The goal of Cityscape is to bring high-quality original research on housing and community development issues to scholars, government officials, and practitioners. Cityscape is open to all relevant disciplines, including architecture, consumer research, demography, economics, engineering, ethnography, finance, geography, law, planning, political science, public policy, regional science, sociology, statistics, and urban studies.

Cityscape is published three times a year by the Office of Policy Development and Research (PD&R) of the U.S. Department of Housing and Urban Development.

The CRA Turns 40

Volume 19, Number 2

Mark D. Shroder

Michelle P. Matuga

Data, Accountability, and the Public: Using Community Reinvestment Act Data for Local Community Development

Marijoan Bull
Westfield State University

Community development corporations (CDCs) are place-based, resident-led organizations committed to revitalizing neighborhoods and expanding opportunities for low- and moderate-income residents. The Community Reinvestment Act (CRA) shares a placebased focus, as it was intended to hold banks accountable for their activities in all parts of their service areas—including the low- and moderate-income neighborhoods where CDCs operate. This article discusses the disconnect between the mandated CRA process and the type of information on banking activity that would be useful for local organizations working on community revitalization.

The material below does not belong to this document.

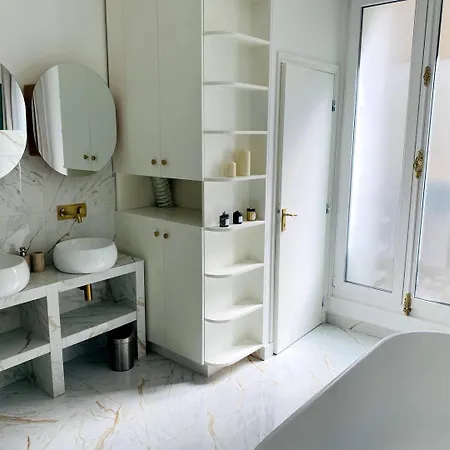Triplex A Montmartre - Sauna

It presents a case study from the city of Holyoke, Massachusetts, detailing a partnership between a university and a CDC, focused on federal CRA performance in the low- and moderate-income area the CDC serves. Students reviewed performance evaluations of seven banks and, working with the CDC, prepared an examination of the findings. Conclusions of the research include the inadequacy of CRA performance evaluations and data for local CDCs and the lack of a documented deep analysis of community needs. Actions that regulators, banks, and CDCs can take to improve the CRA process are discussed.